● Provided material
· · · · ·
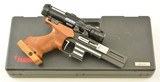 Pardini Model SP Target Pistol In box - 1 of 15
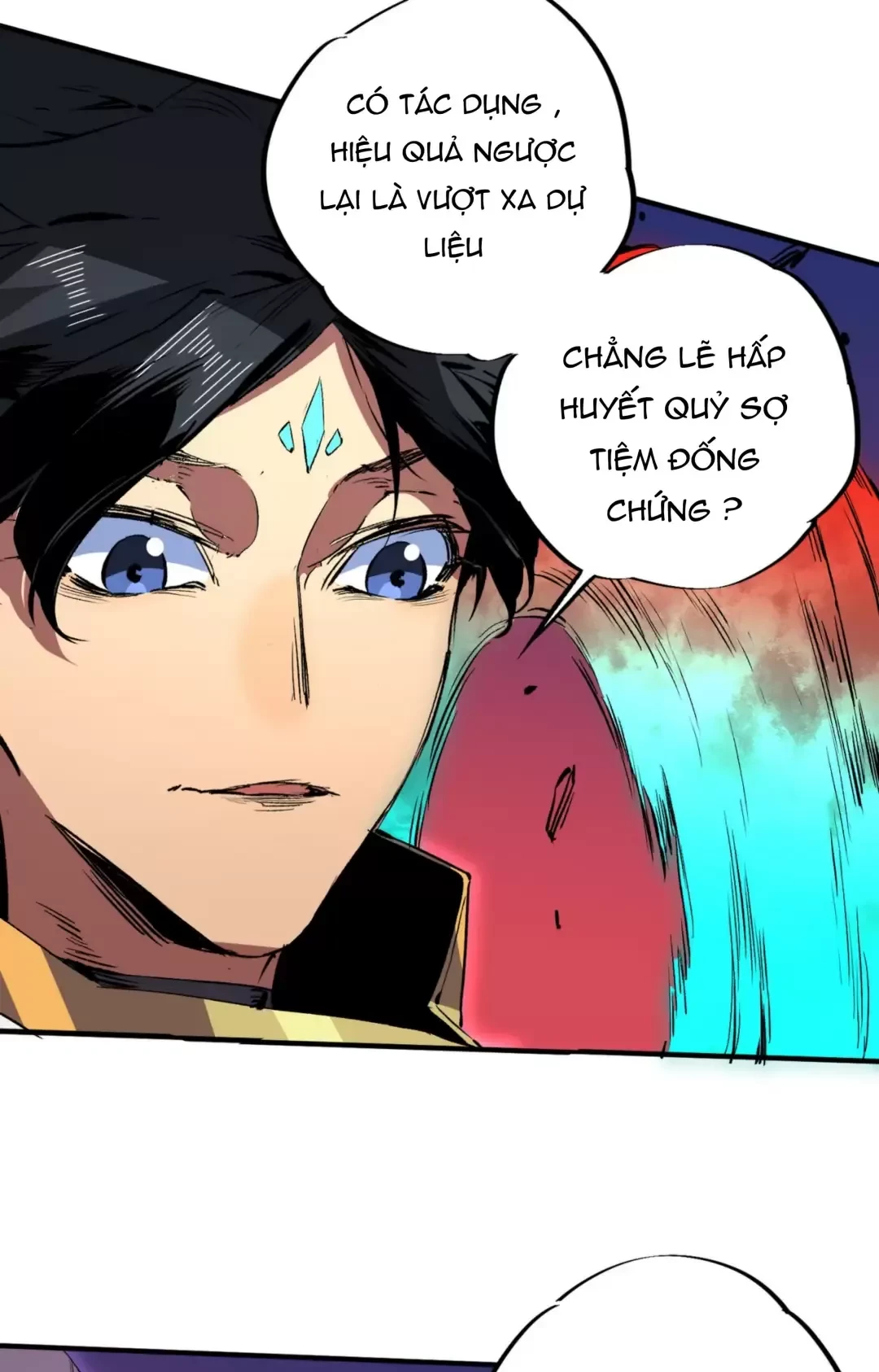 Thiên Sinh Độc Nãi : Ta Nguyền Rủa Toàn Bộ Thế Giới Chapter 18 - Trang 39
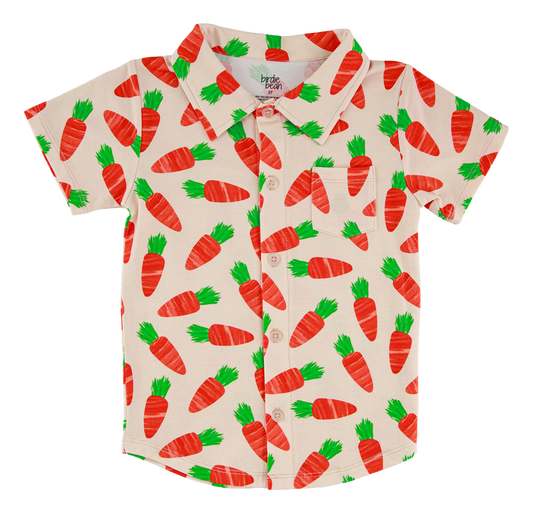 Ezra Button Up Shirt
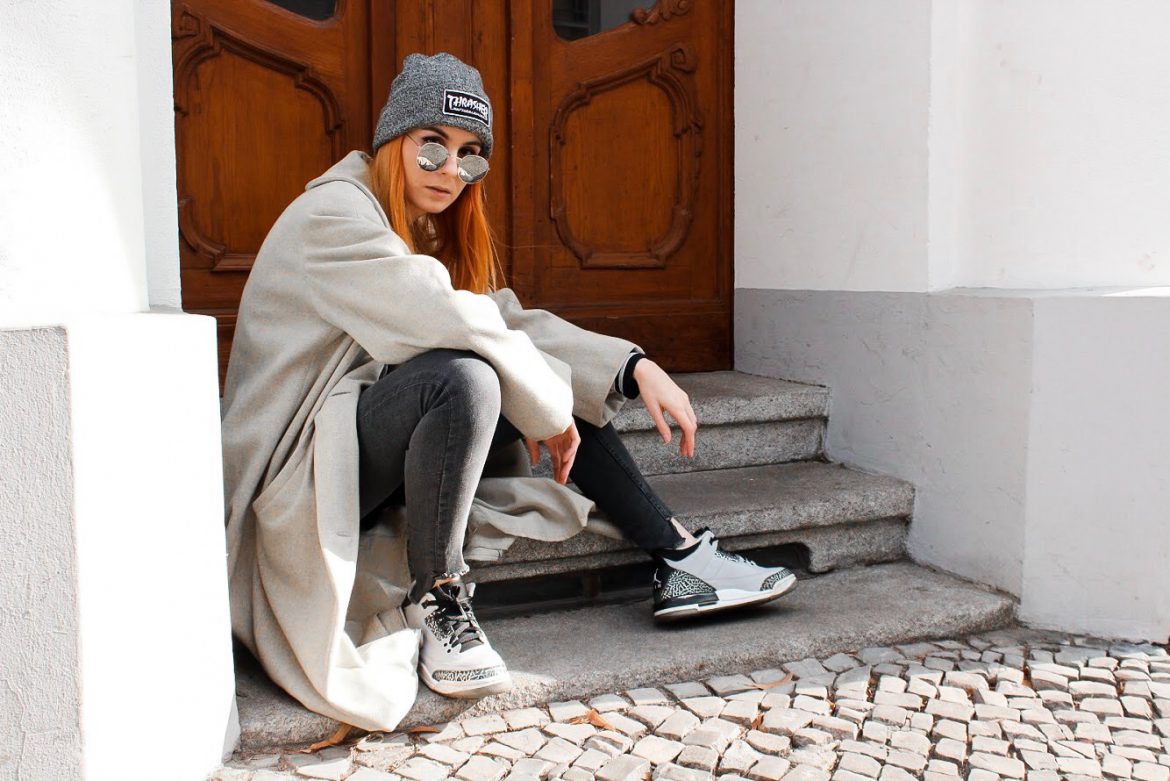 Shades Of Grey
· · · · ·
● Work instructions
Beginning with the line that contains "Thiên Sinh Độc", write out the remaining lines of the listing above through the last, exactly and only those, without pictures.

● Answer box
 Thiên Sinh Độc Nãi : Ta Nguyền Rủa Toàn Bộ Thế Giới Chapter 18 - Trang 39
 Ezra Button Up Shirt
 Shades Of Grey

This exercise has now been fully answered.